> [Records for this exercise]:
[Start of section]

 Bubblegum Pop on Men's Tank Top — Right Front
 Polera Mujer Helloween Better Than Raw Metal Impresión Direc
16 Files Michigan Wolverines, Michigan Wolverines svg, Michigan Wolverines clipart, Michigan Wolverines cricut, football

[End of section]
[Start of section]

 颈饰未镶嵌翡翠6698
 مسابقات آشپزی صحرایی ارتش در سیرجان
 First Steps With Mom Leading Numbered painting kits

[End of section]
[Start of section]

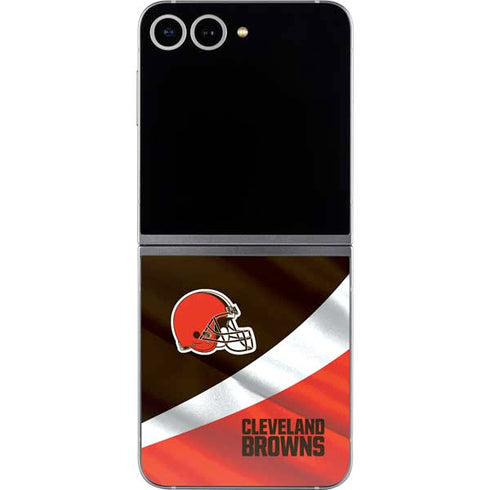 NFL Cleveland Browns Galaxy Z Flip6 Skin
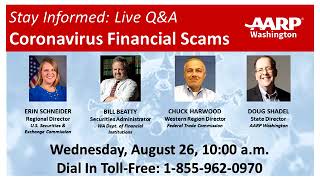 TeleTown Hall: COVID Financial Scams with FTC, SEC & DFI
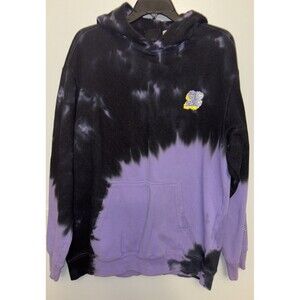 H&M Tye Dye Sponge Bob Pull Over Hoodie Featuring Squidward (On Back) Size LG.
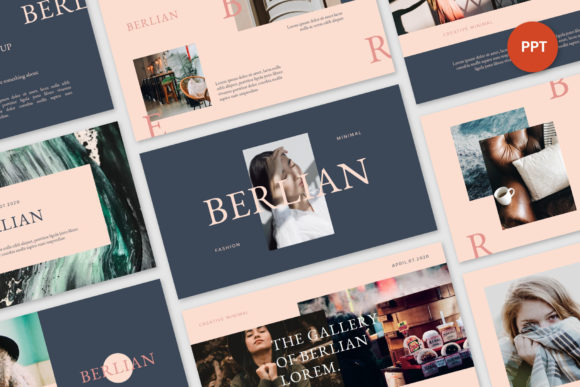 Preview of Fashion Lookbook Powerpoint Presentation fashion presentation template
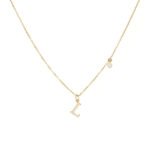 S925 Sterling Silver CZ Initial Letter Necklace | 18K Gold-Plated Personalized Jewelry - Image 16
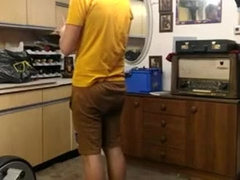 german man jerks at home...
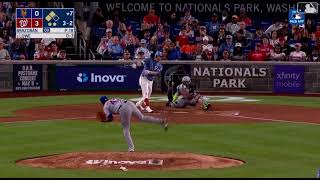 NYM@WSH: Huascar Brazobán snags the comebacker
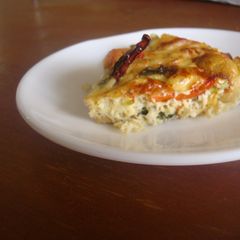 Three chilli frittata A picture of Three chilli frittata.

[End of section]

Above are the entries. Copy exactly the part that opens with the line containing "Bubblegum Pop on" and closes with the line containing "16 Files Michigan", and no more.

 Bubblegum Pop on Men's Tank Top — Right Front
 Polera Mujer Helloween Better Than Raw Metal Impresión Direc
16 Files Michigan Wolverines, Michigan Wolverines svg, Michigan Wolverines clipart, Michigan Wolverines cricut, football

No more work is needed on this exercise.